WHAT IS BEING ASKED:
Please reproduce the records exactly, leaving out any pictures.

=== Section Start ===

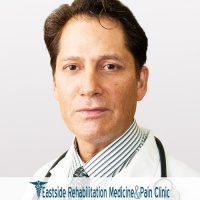 Dr. Manouchehr  Refaeian M.D.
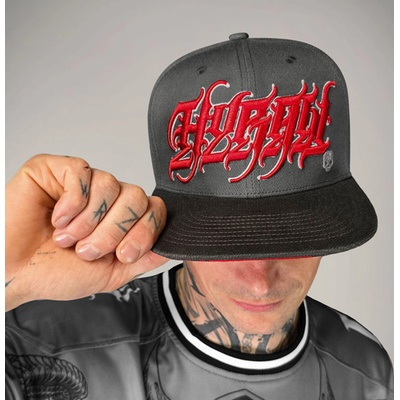 HYRAW SNP BLOOD & BONES 263SN01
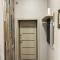 Guesthouses in Turkestan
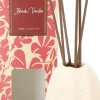Intratuin geurstokjes Black Vanilla Nira 100 ml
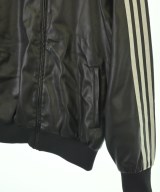 adidas（アディダス）その他 黒 サイズ:L メンズ/2200696370052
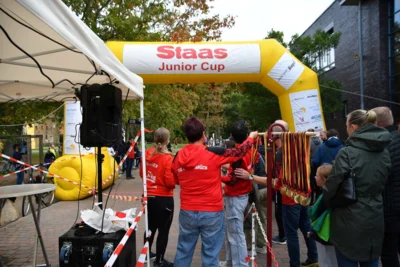 Foto des Albums: 17. Bersenbrücker Hase-Lauf 2026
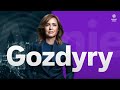 Gorąco w studiu. Poszło o Nawrockiego i bezpieczeństwo Polski
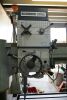 Richmond Consul 600 Radial Arm Drill - 4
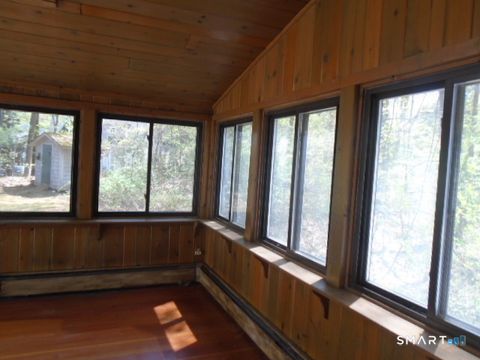 Tiny photo for 49 Northwoods Road, Farmington, CT 06032 (MLS # 24166480)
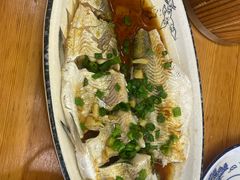 -乌记大厨餐厅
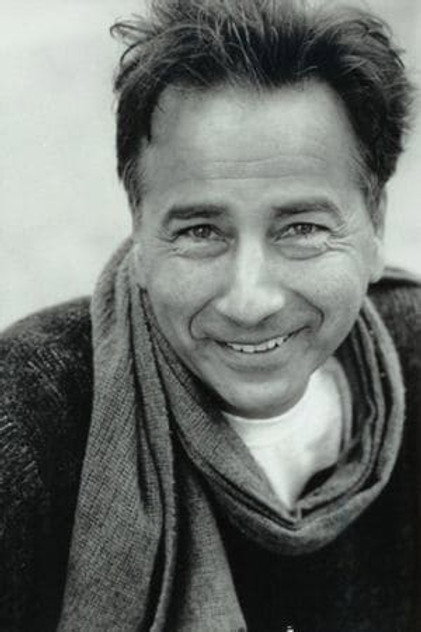 Zdjęcie Jacques Lavallée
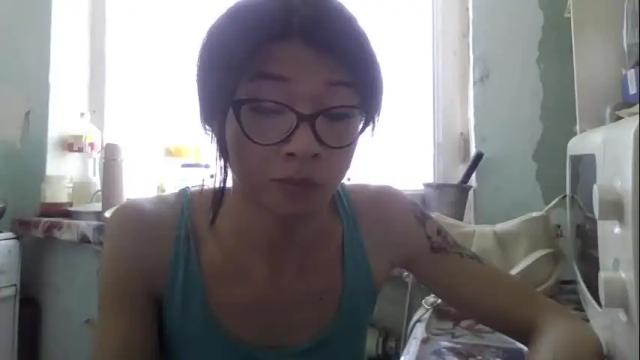 Image 6 of carlyjoy Stream on Chaturbate on 6 days ago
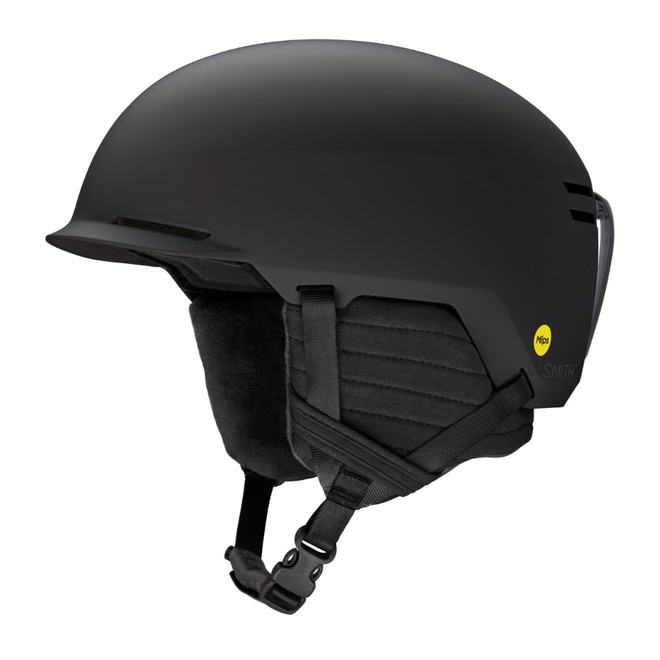 Smith Scout MIPS Adult Helmet 2025 | Corbetts Ski + Snowboard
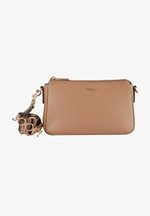 Joop! borsa vivace melete lh11z - acquista su Joop! borsa vivace melete lh11z - acquista su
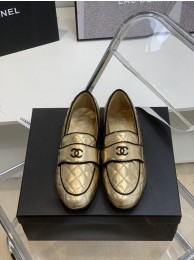 Chanel shoes CH00048 HY3366Eb92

=== Section End ===

EXERCISE RESPONSE:
 Dr. Manouchehr  Refaeian M.D.
 HYRAW SNP BLOOD & BONES 263SN01
 Guesthouses in Turkestan
Intratuin geurstokjes Black Vanilla Nira 100 ml
 adidas（アディダス）その他 黒 サイズ:L メンズ/2200696370052
 Foto des Albums: 17. Bersenbrücker Hase-Lauf 2026
 Gorąco w studiu. Poszło o Nawrockiego i bezpieczeństwo Polski
 Richmond Consul 600 Radial Arm Drill - 4
 Tiny photo for 49 Northwoods Road, Farmington, CT 06032 (MLS # 24166480)
 -乌记大厨餐厅
 Zdjęcie Jacques Lavallée
 Image 6 of carlyjoy Stream on Chaturbate on 6 days ago
 Smith Scout MIPS Adult Helmet 2025 | Corbetts Ski + Snowboard
 Joop! borsa vivace melete lh11z - acquista su Joop! borsa vivace melete lh11z - acquista su
 Chanel shoes CH00048 HY3366Eb92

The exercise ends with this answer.